> [Exercise description] The listing below holds a line with "K10YG オパール ピアス" and a later line with "Four-room apartment Via". Write out those two lines and every line between them, exactly, and nothing else.

> [Input records]
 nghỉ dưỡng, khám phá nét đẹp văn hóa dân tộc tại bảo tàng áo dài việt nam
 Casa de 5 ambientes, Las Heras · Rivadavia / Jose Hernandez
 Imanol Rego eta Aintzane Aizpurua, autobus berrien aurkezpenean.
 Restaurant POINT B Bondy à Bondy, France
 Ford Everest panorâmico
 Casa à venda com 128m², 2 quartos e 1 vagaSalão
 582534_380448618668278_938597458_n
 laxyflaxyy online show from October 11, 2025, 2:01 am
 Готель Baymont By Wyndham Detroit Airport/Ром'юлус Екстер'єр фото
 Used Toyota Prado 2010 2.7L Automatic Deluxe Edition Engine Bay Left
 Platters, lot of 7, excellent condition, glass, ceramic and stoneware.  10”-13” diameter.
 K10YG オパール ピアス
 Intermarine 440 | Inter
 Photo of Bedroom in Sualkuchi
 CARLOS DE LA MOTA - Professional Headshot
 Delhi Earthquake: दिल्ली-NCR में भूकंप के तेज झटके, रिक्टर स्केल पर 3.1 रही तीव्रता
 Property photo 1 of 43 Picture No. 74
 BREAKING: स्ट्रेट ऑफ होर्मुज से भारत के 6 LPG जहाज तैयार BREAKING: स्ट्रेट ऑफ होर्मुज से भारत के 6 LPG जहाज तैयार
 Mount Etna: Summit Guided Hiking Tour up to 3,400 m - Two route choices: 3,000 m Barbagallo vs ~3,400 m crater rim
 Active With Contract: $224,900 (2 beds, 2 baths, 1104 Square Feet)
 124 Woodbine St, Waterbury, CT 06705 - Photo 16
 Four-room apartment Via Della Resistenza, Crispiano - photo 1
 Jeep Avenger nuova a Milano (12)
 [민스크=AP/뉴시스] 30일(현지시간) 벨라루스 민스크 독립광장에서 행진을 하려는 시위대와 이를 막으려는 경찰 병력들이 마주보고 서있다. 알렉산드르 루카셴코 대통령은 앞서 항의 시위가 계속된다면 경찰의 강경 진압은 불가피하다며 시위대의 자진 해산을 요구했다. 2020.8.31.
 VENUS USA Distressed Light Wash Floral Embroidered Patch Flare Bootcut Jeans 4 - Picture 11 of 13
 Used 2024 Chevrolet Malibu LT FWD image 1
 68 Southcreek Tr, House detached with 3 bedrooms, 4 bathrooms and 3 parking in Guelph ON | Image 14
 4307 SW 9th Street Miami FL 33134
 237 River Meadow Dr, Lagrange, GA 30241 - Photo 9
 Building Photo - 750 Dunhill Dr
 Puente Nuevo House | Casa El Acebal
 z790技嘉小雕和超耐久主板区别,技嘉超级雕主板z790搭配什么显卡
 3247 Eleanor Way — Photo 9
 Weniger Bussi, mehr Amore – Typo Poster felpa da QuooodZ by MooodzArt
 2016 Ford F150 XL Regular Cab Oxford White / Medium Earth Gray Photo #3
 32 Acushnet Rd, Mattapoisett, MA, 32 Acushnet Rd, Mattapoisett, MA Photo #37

> [Solution to the problem]
 K10YG オパール ピアス
 Intermarine 440 | Inter
 Photo of Bedroom in Sualkuchi
 CARLOS DE LA MOTA - Professional Headshot
 Delhi Earthquake: दिल्ली-NCR में भूकंप के तेज झटके, रिक्टर स्केल पर 3.1 रही तीव्रता
 Property photo 1 of 43 Picture No. 74
 BREAKING: स्ट्रेट ऑफ होर्मुज से भारत के 6 LPG जहाज तैयार BREAKING: स्ट्रेट ऑफ होर्मुज से भारत के 6 LPG जहाज तैयार
 Mount Etna: Summit Guided Hiking Tour up to 3,400 m - Two route choices: 3,000 m Barbagallo vs ~3,400 m crater rim
 Active With Contract: $224,900 (2 beds, 2 baths, 1104 Square Feet)
 124 Woodbine St, Waterbury, CT 06705 - Photo 16
 Four-room apartment Via Della Resistenza, Crispiano - photo 1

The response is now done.